Work instruction →
From the records below, set down exactly the lines starting with the line that contains "The most valuable" and going on through the line that contains "Martin Moravec Marek". Nothing else is wanted.

Provided data →

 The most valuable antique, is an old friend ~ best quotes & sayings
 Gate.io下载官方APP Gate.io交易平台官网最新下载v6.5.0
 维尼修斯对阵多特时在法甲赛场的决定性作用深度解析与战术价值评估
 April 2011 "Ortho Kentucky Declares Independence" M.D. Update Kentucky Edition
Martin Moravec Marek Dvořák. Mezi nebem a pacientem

--

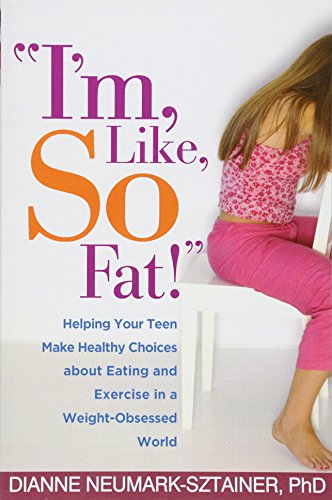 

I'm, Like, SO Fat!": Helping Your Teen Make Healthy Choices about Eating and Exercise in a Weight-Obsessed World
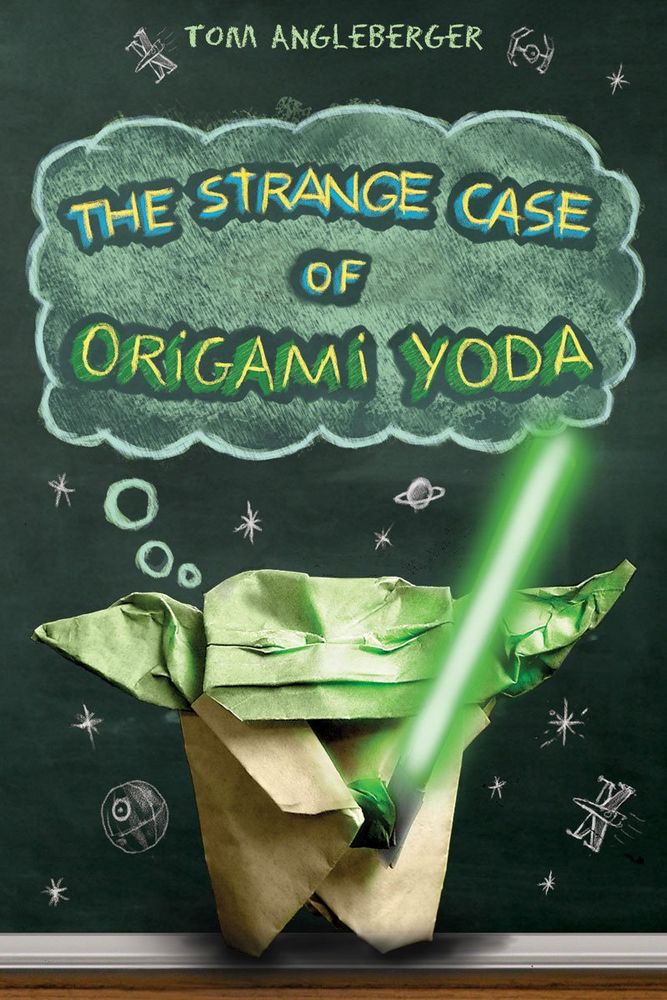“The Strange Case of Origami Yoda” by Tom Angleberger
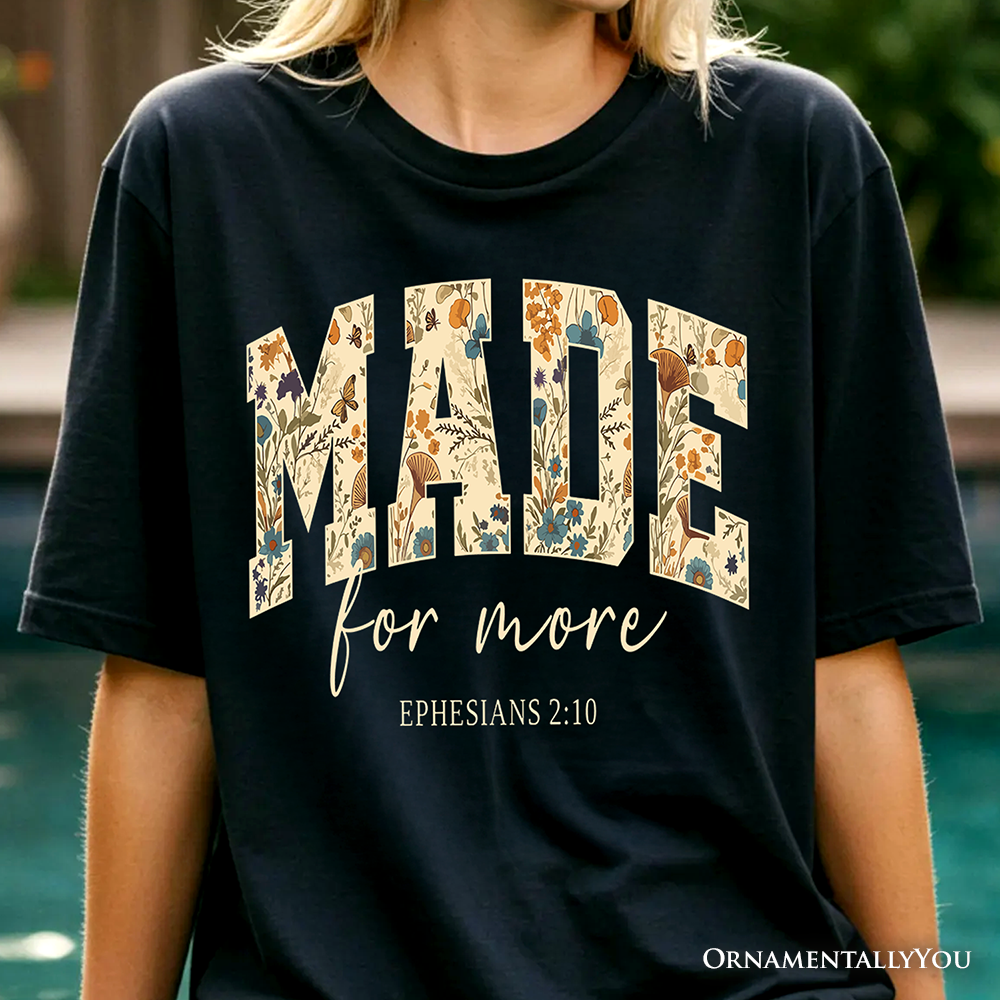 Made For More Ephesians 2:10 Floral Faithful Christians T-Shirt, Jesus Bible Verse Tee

Written solution →
 The most valuable antique, is an old friend ~ best quotes & sayings
 Gate.io下载官方APP Gate.io交易平台官网最新下载v6.5.0
 维尼修斯对阵多特时在法甲赛场的决定性作用深度解析与战术价值评估
 April 2011 "Ortho Kentucky Declares Independence" M.D. Update Kentucky Edition
Martin Moravec Marek Dvořák. Mezi nebem a pacientem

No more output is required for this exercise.